Connecting DUNE to UV models through an EFT pipeline

Imagine the universe as a giant, incredibly complex puzzle. Scientists have a picture of how most of the pieces fit together, called the "Standard Model." But they know there are missing pieces—tiny gaps where the picture doesn't quite make sense, especially regarding neutrinos (ghostly particles that barely interact with anything).

The DUNE experiment is like a new, super-powerful magnifying glass designed to look at these gaps. If DUNE finds a weird signal, it suggests there's a hidden piece of the puzzle we haven't seen yet.

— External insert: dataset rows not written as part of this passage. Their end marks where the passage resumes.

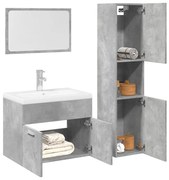 vidaXL 3 pcs conj. móveis casa banho derivados madeira cinza cimento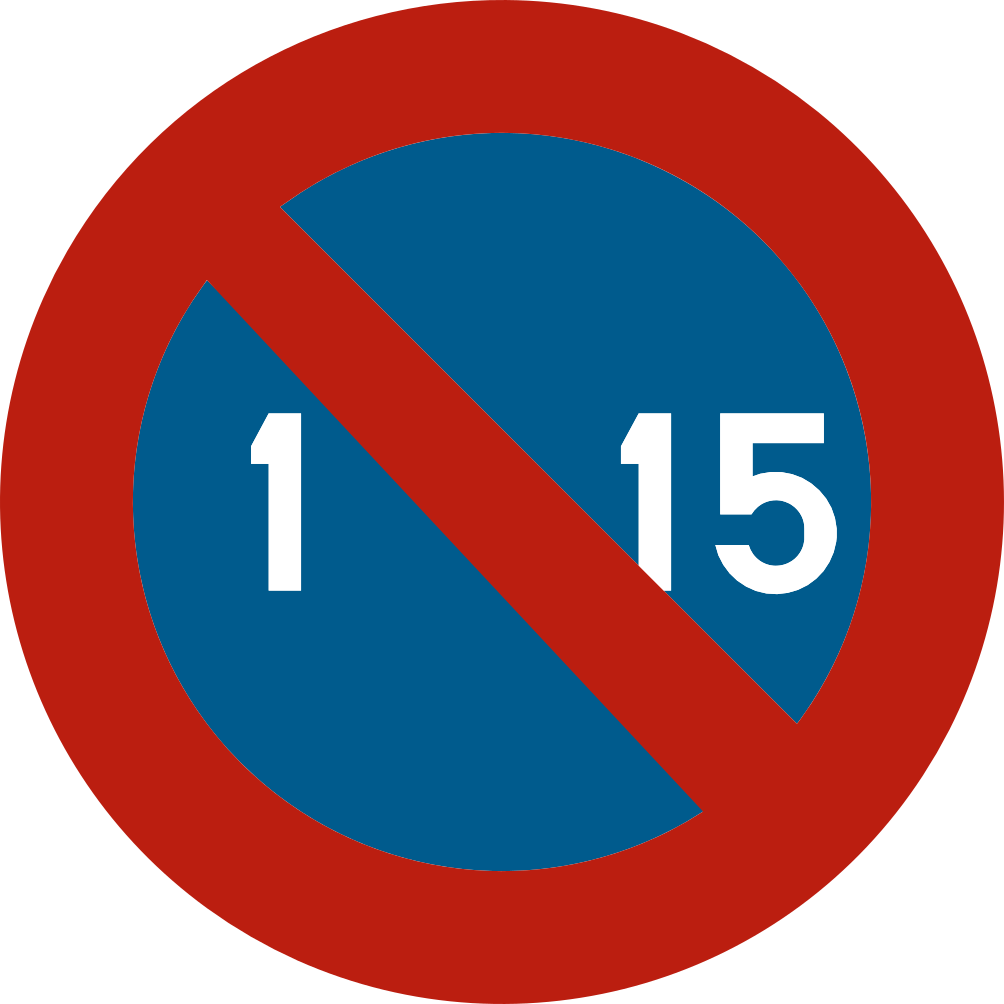 Disque bleu à bord rouge et diagonale rouge, portant « 1 » et « 15 ».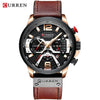 Montre-bracelet chronographe militaire en cuir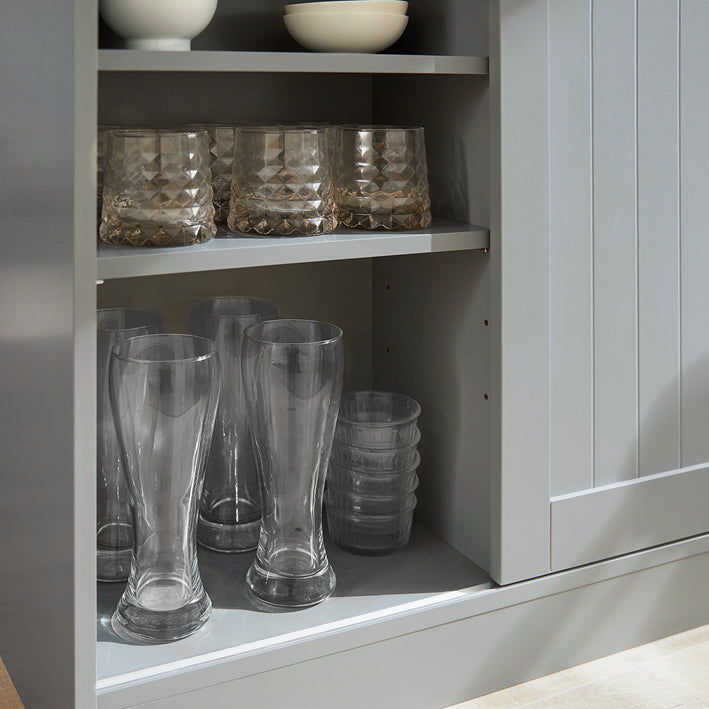 SoBuy | Madia con ante scorrevoli | Credenza da cucina | Cassettiera grigio chiaro | FSB36-HG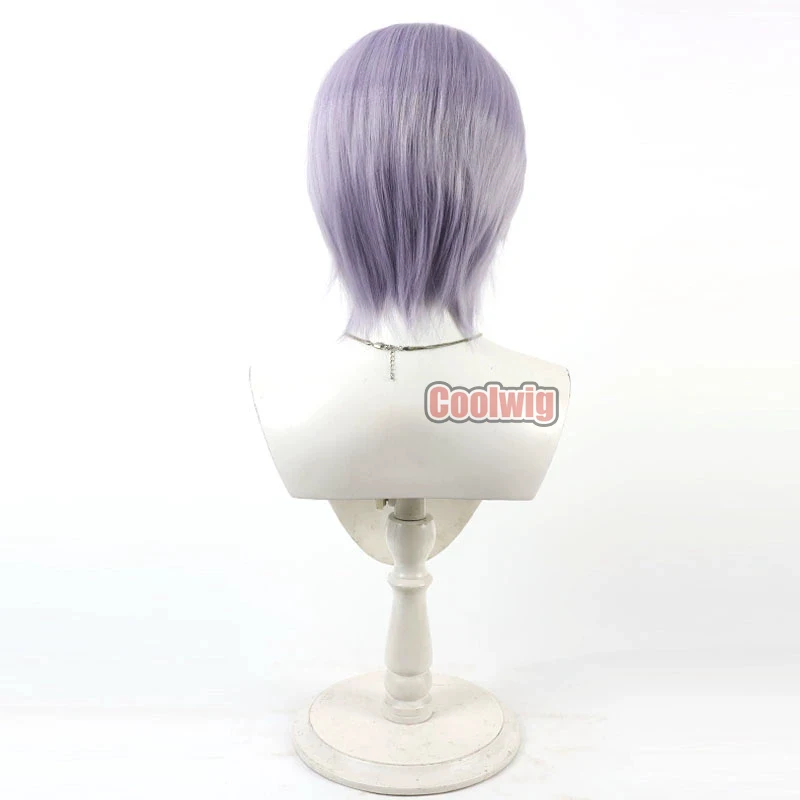 Coolwig Synthetic Hair Ritsu Shinjo Cosplay Wigs Tokyo Debunker Ritsu Shinjo 30cm Straight Light Purple Men Wig Heat Resistant 5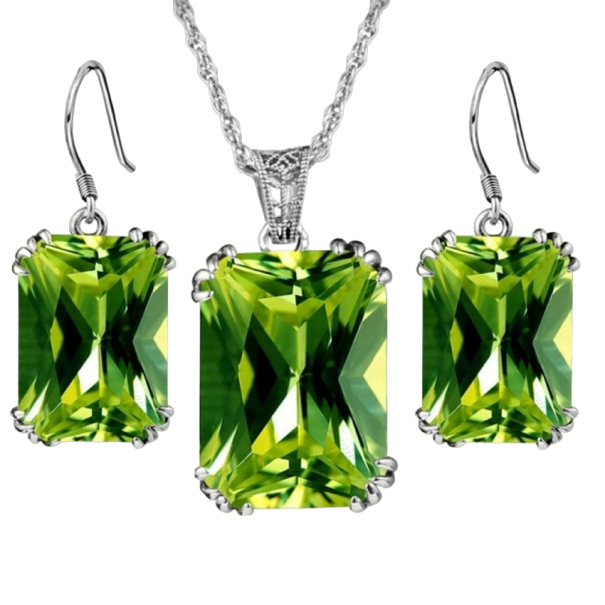 Set regalo per donne collana e orecchini con pietra decorativa V185 verde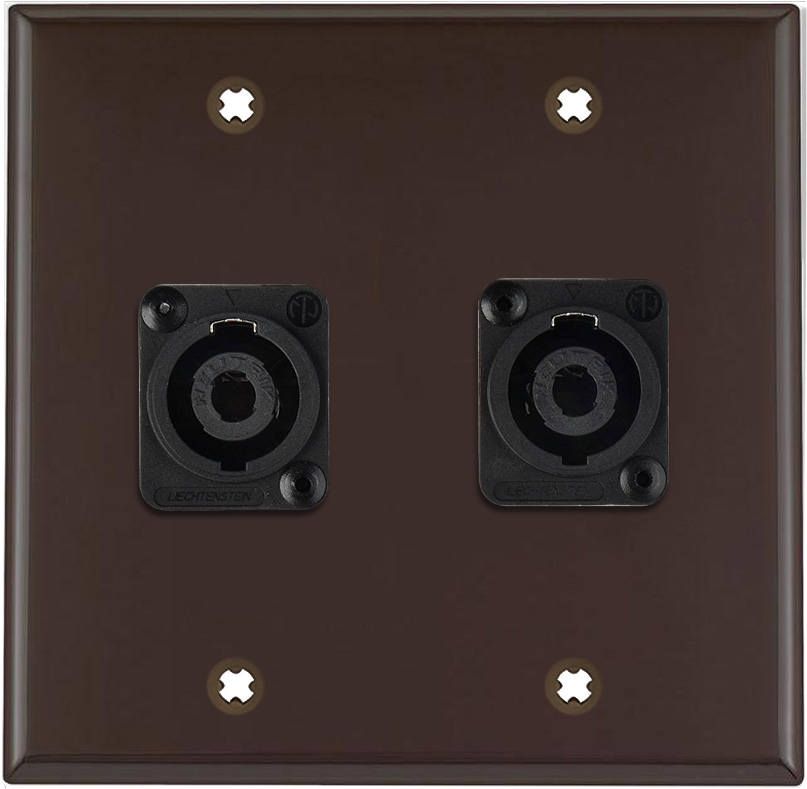 2G Brown Lexan Wall Plate w/2 Neutrik NL4MP -D-Series 4 Pole Speakon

This paper is essentially a "detective manual" for figuring out what that hidden piece might look like. Here is the story of the investigation, broken down simply:

1. The Clue: A Specific "Fingerprint"

The researchers focused on a specific type of weird signal DUNE might find. In the language of physics, this is a "Wilson coefficient" (let's call it C-target).

The Analogy: Imagine DUNE finds a muddy footprint at a crime scene. The size and shape of the print (the C-target) tell us something about the shoe that made it. The researchers asked: "If DUNE finds this specific muddy footprint, what kind of 'shoe' (new physics model) could have made it?"

2. The Suspects: A Massive Lineup

The team created a pipeline (a step-by-step checklist) to test thousands of possible "suspects." These suspects are theoretical models involving new particles (like extra heavy scalars or fermions) that exist at very high energy levels.

The Analogy: They didn't just look at one suspect; they lined up 338 different suspects (theoretical models) and asked, "Which one of you could have left this specific footprint?"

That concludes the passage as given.